+++ Available records
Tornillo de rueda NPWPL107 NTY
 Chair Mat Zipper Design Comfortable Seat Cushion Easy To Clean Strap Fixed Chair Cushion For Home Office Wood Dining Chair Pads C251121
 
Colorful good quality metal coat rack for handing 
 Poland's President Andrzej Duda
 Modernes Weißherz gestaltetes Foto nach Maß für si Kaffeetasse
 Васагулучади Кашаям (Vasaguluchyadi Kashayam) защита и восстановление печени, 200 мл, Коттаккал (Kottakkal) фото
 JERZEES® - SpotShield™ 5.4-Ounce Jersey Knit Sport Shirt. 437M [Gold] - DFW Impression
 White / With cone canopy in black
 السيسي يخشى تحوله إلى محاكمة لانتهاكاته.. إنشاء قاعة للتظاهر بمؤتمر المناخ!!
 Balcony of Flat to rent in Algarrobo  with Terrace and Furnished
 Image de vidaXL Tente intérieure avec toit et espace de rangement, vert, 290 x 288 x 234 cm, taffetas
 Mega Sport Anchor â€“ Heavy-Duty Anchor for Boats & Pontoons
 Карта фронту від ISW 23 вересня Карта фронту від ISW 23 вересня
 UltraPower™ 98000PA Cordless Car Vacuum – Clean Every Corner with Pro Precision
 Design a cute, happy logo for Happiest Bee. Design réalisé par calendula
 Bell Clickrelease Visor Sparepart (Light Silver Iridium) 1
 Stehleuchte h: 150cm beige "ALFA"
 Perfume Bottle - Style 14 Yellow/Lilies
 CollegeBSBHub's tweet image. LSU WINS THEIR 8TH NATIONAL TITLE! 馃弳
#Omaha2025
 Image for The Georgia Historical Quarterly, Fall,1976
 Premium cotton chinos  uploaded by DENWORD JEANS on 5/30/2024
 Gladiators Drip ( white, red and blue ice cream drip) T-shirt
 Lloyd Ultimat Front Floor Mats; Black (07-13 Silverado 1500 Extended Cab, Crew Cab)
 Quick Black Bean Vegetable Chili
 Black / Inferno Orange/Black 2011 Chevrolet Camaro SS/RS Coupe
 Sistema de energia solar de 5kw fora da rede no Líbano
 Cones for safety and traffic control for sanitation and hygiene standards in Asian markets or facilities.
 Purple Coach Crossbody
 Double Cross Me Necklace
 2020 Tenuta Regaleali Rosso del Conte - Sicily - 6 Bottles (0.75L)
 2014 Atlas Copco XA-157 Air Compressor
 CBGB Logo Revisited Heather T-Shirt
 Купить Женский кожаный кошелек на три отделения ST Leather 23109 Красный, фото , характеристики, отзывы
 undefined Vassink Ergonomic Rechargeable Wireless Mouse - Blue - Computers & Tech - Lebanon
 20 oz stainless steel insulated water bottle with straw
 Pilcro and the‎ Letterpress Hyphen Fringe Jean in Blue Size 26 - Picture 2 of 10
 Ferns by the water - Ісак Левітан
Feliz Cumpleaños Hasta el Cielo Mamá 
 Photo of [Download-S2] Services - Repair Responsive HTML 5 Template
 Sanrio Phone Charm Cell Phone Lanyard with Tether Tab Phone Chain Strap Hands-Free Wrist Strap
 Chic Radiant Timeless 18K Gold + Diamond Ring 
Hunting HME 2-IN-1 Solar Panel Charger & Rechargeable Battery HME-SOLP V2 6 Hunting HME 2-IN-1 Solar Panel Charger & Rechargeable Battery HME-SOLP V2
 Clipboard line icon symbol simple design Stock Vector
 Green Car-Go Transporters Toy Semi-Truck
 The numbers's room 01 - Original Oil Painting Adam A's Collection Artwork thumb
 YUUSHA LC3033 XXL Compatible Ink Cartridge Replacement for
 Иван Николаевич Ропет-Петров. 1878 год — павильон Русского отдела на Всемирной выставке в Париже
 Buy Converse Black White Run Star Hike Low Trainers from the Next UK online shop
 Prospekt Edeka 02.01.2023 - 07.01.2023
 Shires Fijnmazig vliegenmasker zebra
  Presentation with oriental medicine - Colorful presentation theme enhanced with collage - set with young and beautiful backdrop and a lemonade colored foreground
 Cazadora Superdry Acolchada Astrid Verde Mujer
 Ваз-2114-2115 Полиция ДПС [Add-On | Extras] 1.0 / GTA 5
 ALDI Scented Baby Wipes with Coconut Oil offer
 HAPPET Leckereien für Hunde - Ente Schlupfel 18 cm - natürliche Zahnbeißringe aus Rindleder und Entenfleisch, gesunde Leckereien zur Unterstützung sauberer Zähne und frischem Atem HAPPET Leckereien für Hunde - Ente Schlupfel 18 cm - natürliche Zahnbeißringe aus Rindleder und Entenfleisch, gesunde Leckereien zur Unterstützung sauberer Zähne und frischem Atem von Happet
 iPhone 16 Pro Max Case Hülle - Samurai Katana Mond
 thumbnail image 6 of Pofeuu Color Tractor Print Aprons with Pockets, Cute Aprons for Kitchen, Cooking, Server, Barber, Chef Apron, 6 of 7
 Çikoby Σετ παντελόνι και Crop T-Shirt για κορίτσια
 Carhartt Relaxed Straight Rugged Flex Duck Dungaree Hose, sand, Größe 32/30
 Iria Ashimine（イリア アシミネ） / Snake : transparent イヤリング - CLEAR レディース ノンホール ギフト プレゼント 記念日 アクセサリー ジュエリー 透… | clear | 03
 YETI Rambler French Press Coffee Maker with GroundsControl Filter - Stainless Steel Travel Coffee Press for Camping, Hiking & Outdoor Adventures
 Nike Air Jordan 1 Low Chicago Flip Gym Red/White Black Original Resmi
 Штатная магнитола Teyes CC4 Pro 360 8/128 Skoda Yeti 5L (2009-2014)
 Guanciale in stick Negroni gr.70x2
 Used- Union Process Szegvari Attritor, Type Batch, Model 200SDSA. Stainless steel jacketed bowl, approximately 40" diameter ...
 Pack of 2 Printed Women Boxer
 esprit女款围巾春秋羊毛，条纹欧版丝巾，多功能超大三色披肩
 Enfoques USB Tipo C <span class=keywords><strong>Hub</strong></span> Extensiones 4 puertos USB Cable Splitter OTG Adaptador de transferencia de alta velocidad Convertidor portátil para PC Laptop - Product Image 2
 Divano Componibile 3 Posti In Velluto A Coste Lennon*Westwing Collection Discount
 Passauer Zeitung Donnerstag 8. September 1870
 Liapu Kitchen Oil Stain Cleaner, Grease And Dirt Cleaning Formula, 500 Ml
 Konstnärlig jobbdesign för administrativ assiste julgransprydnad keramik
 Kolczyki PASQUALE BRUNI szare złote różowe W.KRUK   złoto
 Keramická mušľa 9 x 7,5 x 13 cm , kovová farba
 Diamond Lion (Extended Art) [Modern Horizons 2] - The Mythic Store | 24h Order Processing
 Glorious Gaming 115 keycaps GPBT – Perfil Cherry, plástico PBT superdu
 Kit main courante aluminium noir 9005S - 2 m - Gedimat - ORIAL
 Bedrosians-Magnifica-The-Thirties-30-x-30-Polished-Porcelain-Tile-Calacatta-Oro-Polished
++++++
[Instructions to follow]
For each line above that holds the string "Extended", provide a copy of that line.

[Response]
 Lloyd Ultimat Front Floor Mats; Black (07-13 Silverado 1500 Extended Cab, Crew Cab)
 Diamond Lion (Extended Art) [Modern Horizons 2] - The Mythic Store | 24h Order Processing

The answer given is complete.